Db2 (LUW) User Defined Functions
This article will explore User Defined Functions (UDFs) on the Db2 (LUW) platform. Most of the functionality is also available on Db2 for iSeries. The Db2 for z/OS platform only supports a subset of the UDF functionality available on Db2.
UDF Types – External and Native SQL
In the early days of Db2, the only way to produce a UDF for Db2 was to write it in a third-party language. These are known as “external UDFs”. It is still possible to do this. Most UDFs are now written in SQL. However, there are several reasons why developing an external UDF may still be the best option –
- Where performance of the UDF is extremely time critical and a highly efficient language such as C or C++ can provide the necessary boost
- Where a third-party language has prebuilt libraries which provide functionality that applications would like to exploit within SQL
- Where developer skills are available in one of the supported languages
Recently there has been a revival in interest in external UDFs, since Db2 recently has provided support for UDFs written with Python.
External UDFs can either be scalar (returning a single value) or table (returning a table).
On all Db2 platforms, external UDFs can be written in C, C++, Java and Python.
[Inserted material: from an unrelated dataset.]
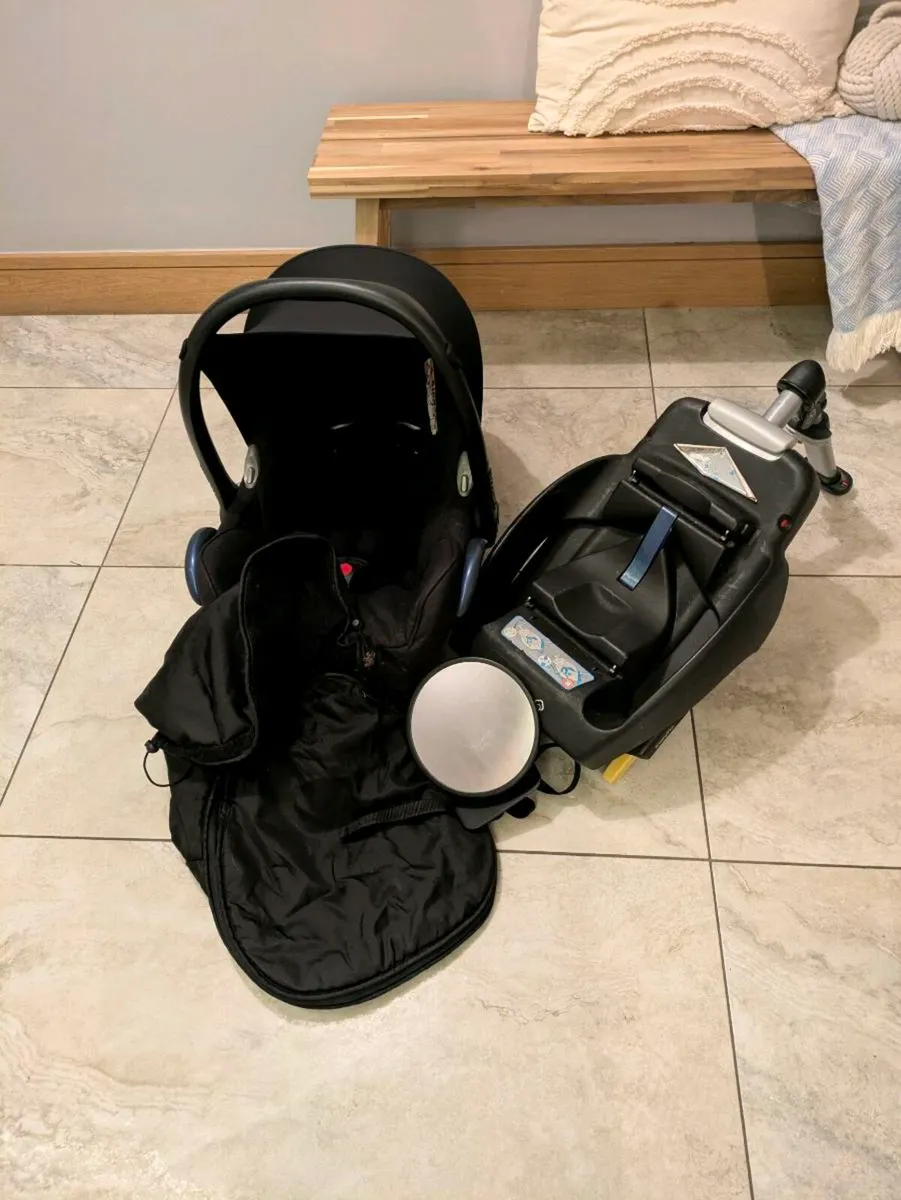Maxi Cosi pebble and isofix base - Image 1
Additionally on the Windows platform there is support for UDFs written as a .Net function or an OLE automation object. Finally on platforms that support OLE DB, it is possible to produce a table function which wraps an OLE DB provider.
As an alternative to writing stored procedures in an external language Db2 supports writing UDFs using SQL. Db2 implements the standard SQL/PSM procedural extensions as well as support for Oracle’s proprietary PL/SQL dialect.
This article focuses primary on SQL UDFs.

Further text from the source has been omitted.